Film: The Woman in Black
Direction: James Watkins
Daniel Radcliffe, Ciarán Hinds, Janet McTeer
Arthur Kipps (Daniel Radcliffe), a widowed lawyer, is sent to a remote village to sort out the affairs of a recently deceased eccentric and soon discovers that the house belonging to his client is haunted by the ghost of a woman who is determined to find someone and something she lost and no one is safe from her vengeance.
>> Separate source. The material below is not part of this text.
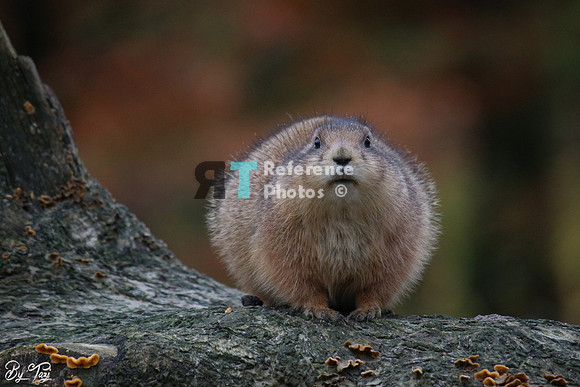 Prairie dog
While the critics seem to be saying good things about the film, one thing is for sure, Daniel Radcliffe has definitely come a long way since being the Boy Who Lived in Harry Potter to the young widower in The Woman in Black.
Xan Brooks, The Guardian
The jury is still out on whether Daniel Radcliffe possesses the chops, nous and nuance to sustain a rewarding acting career away from Hogwarts. But credit where it's due: the former Potter has taken a shrewd baby-step in the right direction with this busy, bustling ghost story that at times appears less indebted to the Susan Hill bestseller than the Haunted Mansion ride at Disneyland. The plot is skeletal, a bag of bones, spring-loaded with booby-traps and wired to the mains as it shuttles Radcliffe's widowed young lawyer around Eel Marsh House, the obligatory "old place cut off from the outside world".
Robbie Collin, The Telegraph
Radcliffe gives a clear-eyed, plausibly grown-up performance as Arthur Kipps, a lawyer summoned to a remote mansion to settle its recently-deceased owner’s estate. In one of the major departures from Hill’s novel, Kipps is a young widower, which perhaps makes him more susceptible to whispers about the house’s tragic past. A local landowner (Ciarán Hinds) lets slip a few details about a mysterious, cloaked woman who’s occasionally glimpsed at the window, although Kipps learns a great deal more about her first-hand when, in order to finish his paperwork on time, he decides to spend the night at Eel Marsh House himself.
Director James Watkins expertly uses shadows and empty spaces to create a percolating sense of dread, and he waits until the last possible moment before allowing his audience the catharsis of a shock. Don’t be reassured by the 12A certificate: there’s barely a glimpse of anything scary in this film, but that’s precisely what makes it so terrifying.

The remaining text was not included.